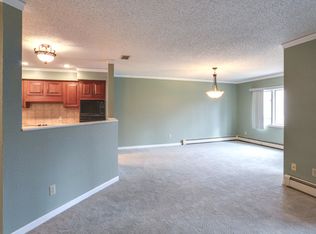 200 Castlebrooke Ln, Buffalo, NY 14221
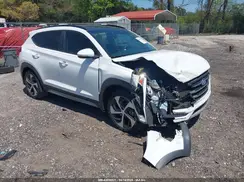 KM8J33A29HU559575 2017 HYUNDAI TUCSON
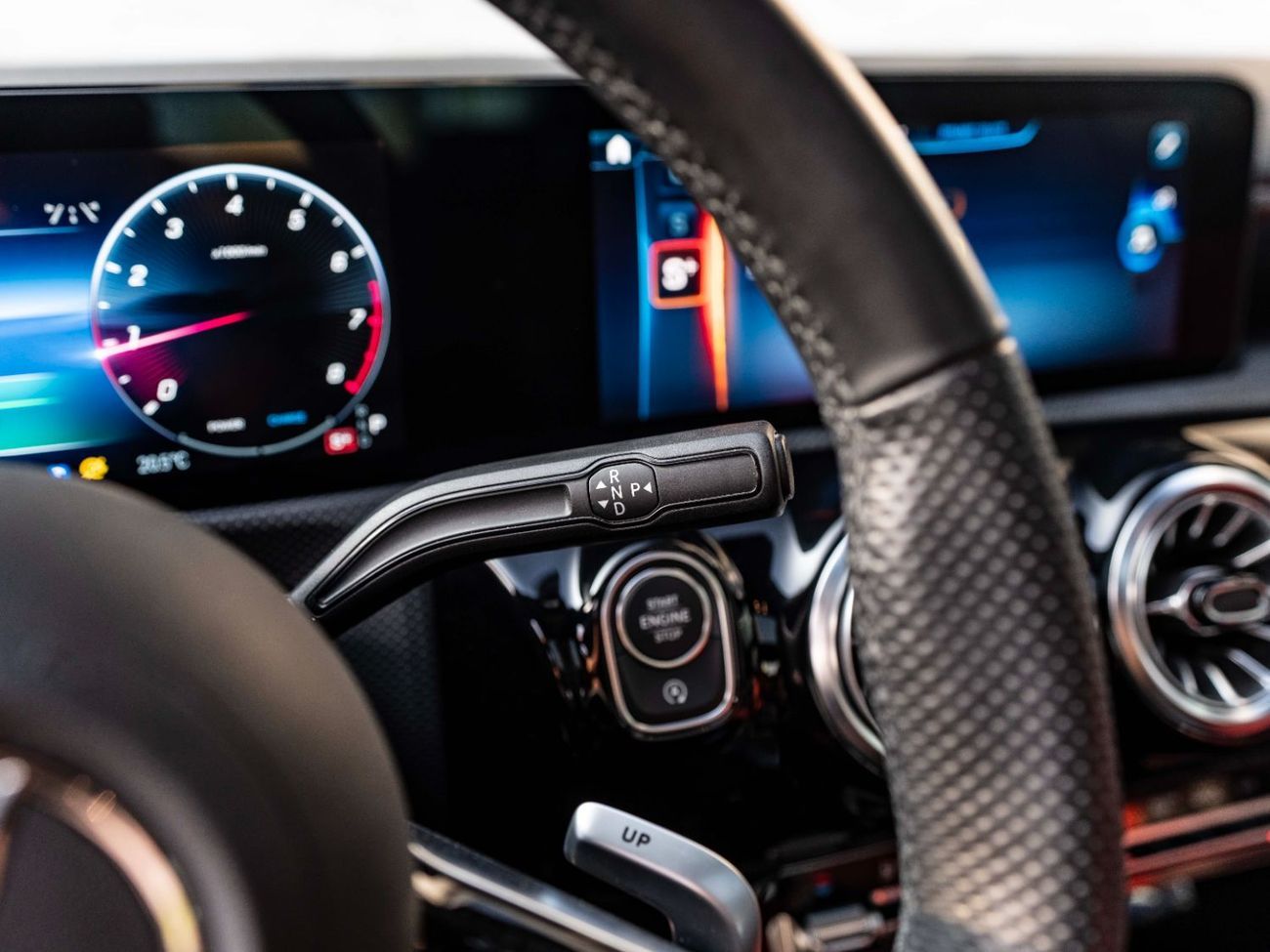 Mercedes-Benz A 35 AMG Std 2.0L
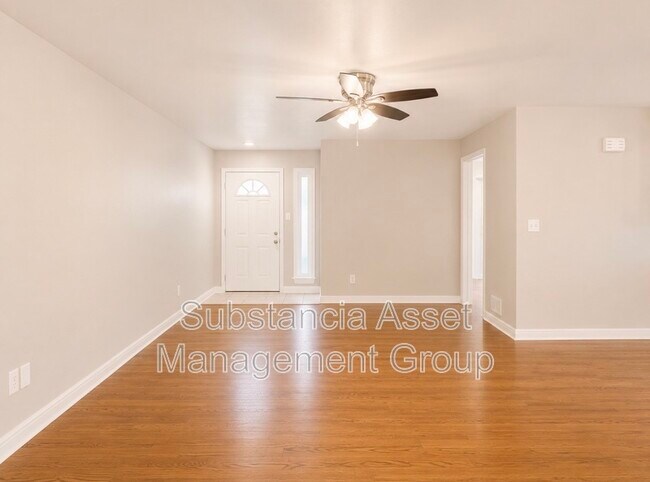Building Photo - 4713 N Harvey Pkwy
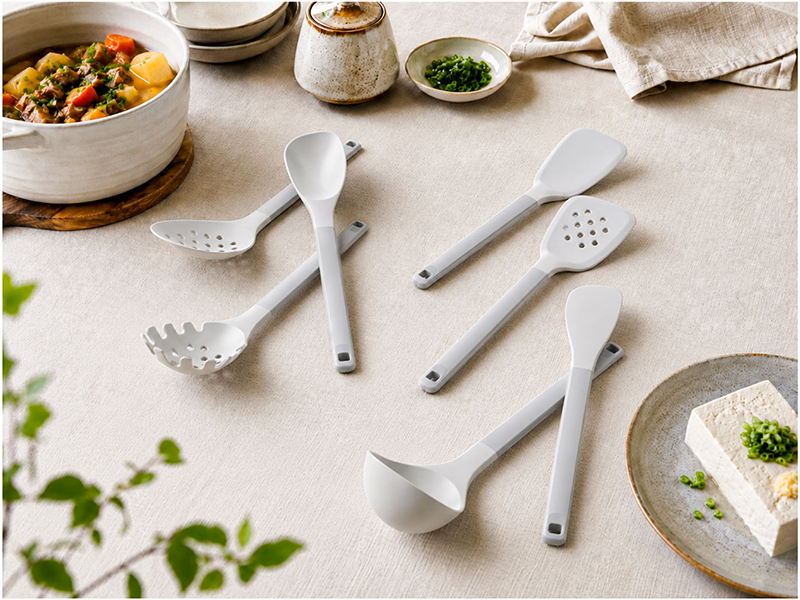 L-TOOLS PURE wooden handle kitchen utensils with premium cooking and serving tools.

--------

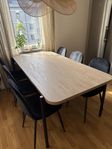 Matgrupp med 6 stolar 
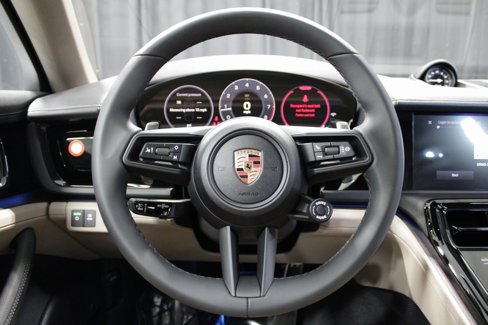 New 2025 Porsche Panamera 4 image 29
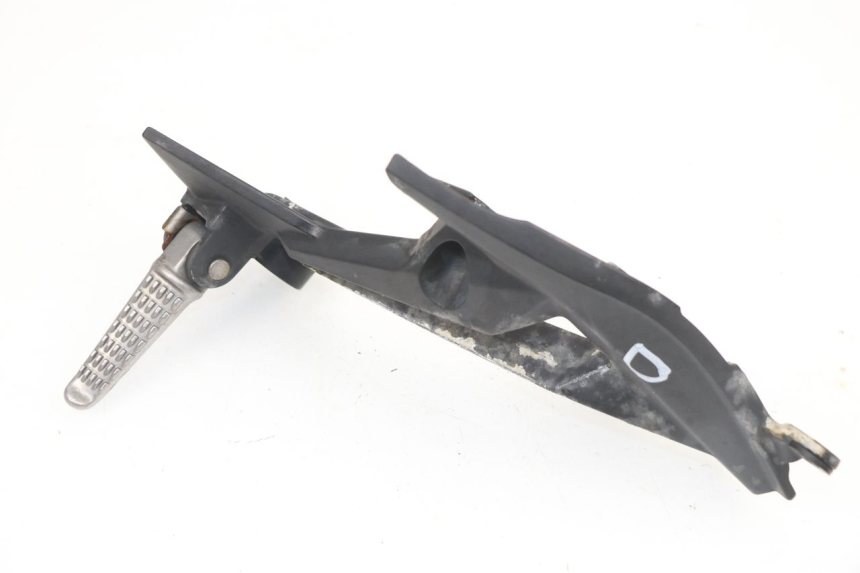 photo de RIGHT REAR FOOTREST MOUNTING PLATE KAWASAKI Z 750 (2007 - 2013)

--------

Set down again, word for word, every line from the one with "Matgrupp med 6 stolar" to the one with "photo de RIGHT" in the entries above, and omit the pictures.

▶ _EXERCISE OUTPUT_:
 Matgrupp med 6 stolar 
 New 2025 Porsche Panamera 4 image 29
 photo de RIGHT REAR FOOTREST MOUNTING PLATE KAWASAKI Z 750 (2007 - 2013)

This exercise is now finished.